Your task is to quote the listing below exactly, beginning with its first line and ending on the line bearing "Male and female".

Top of Dataset records

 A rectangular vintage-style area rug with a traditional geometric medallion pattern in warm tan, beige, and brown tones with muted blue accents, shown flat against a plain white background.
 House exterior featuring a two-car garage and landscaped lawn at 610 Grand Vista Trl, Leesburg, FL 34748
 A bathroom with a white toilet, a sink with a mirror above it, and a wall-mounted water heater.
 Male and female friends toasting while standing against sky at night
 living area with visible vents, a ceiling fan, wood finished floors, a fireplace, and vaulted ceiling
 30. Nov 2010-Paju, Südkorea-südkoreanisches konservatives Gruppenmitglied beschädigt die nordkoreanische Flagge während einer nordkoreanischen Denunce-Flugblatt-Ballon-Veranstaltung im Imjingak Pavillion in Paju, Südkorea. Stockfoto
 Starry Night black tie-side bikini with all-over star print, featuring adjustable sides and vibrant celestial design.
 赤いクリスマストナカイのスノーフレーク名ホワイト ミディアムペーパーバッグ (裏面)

Bottom of Dataset records

| Response below |
 A rectangular vintage-style area rug with a traditional geometric medallion pattern in warm tan, beige, and brown tones with muted blue accents, shown flat against a plain white background.
 House exterior featuring a two-car garage and landscaped lawn at 610 Grand Vista Trl, Leesburg, FL 34748
 A bathroom with a white toilet, a sink with a mirror above it, and a wall-mounted water heater.
 Male and female friends toasting while standing against sky at night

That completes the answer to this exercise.